Prompt —
Here the job is to transcribe only the lines from the one containing "Nook Nectar Color" through the last line below, exactly as written; please leave out pictures.
>>>
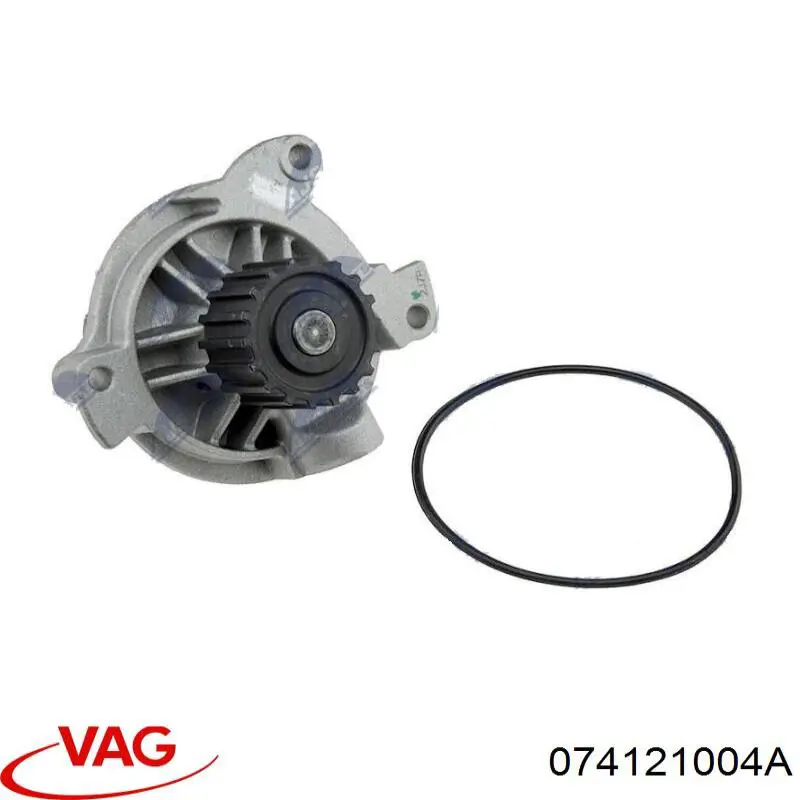 Помпа охолодження VAG 074121004A ціна, від 34.08 USD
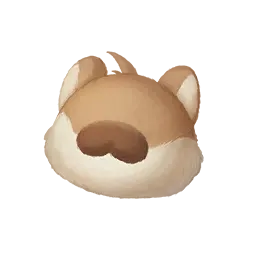 Fourrure de bretellette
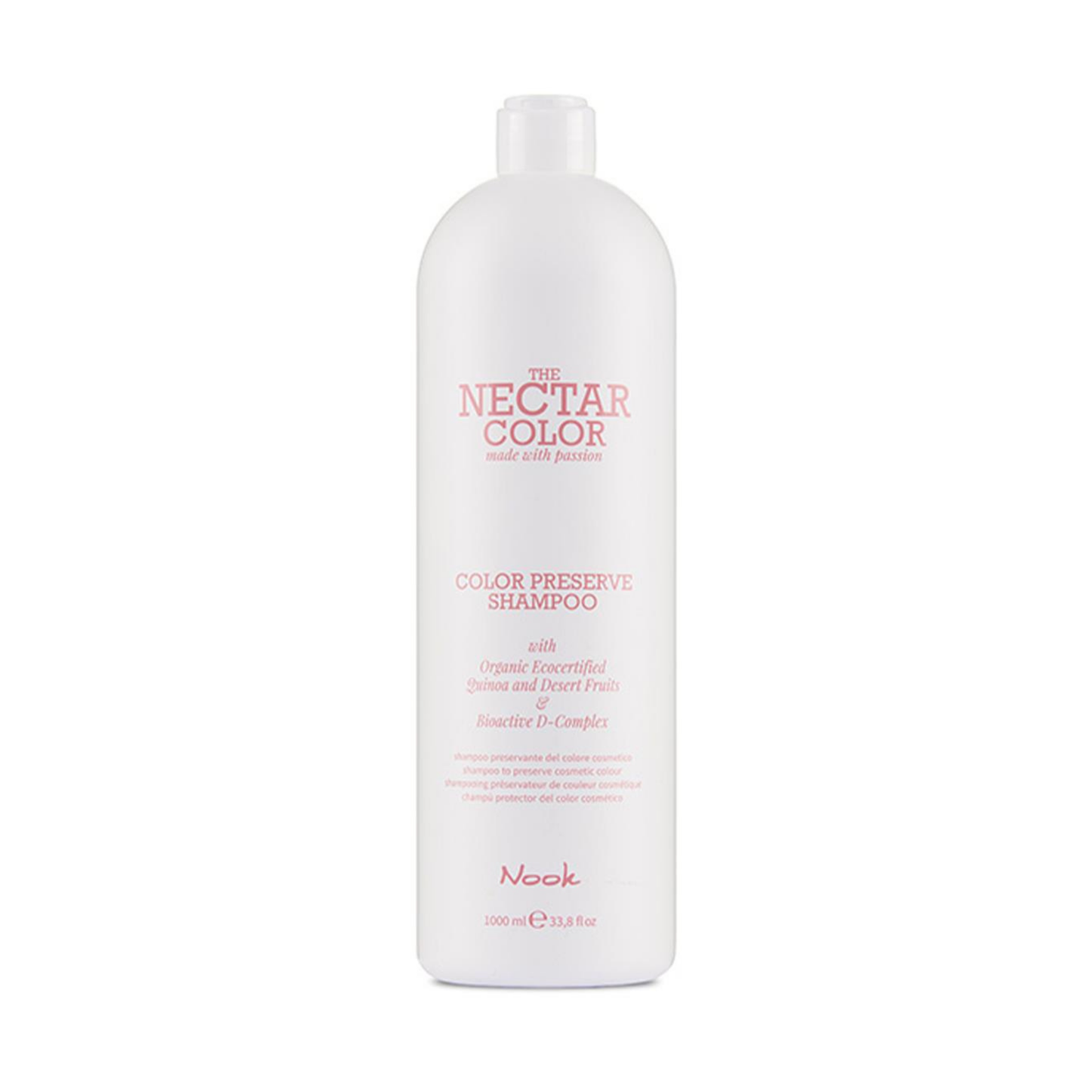 Nook Nectar Color Renk Koruyucu Şampuan 1000ml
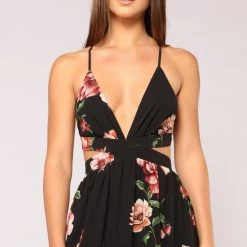 Fashion Nova Lanai Maxi Dress - Black Floral 14 Fashion Nova Lanai Maxi Dress - Black Floral -fashion nova dresses Shop 05 29 18 Studio 2 MA8481 Black 0279 11 scaled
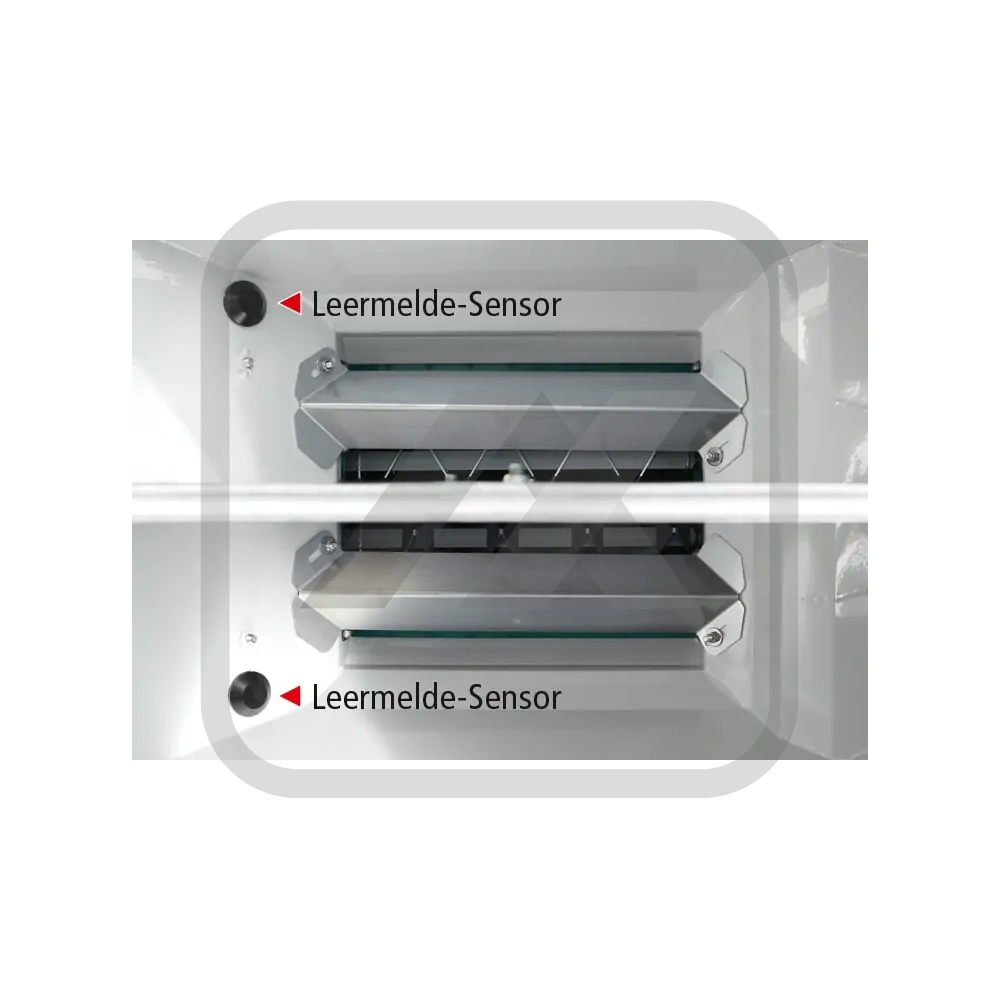 Streuer LEHNER VENTO® Duo 500 (Behälter-Aufteilung 65/35)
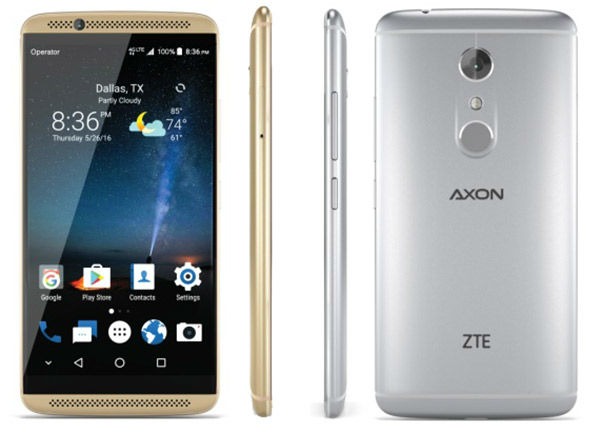 ZTE axon 7 comparativa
<<<
Solution —
 Nook Nectar Color Renk Koruyucu Şampuan 1000ml
 Fashion Nova Lanai Maxi Dress - Black Floral 14 Fashion Nova Lanai Maxi Dress - Black Floral -fashion nova dresses Shop 05 29 18 Studio 2 MA8481 Black 0279 11 scaled
 Streuer LEHNER VENTO® Duo 500 (Behälter-Aufteilung 65/35)
 ZTE axon 7 comparativa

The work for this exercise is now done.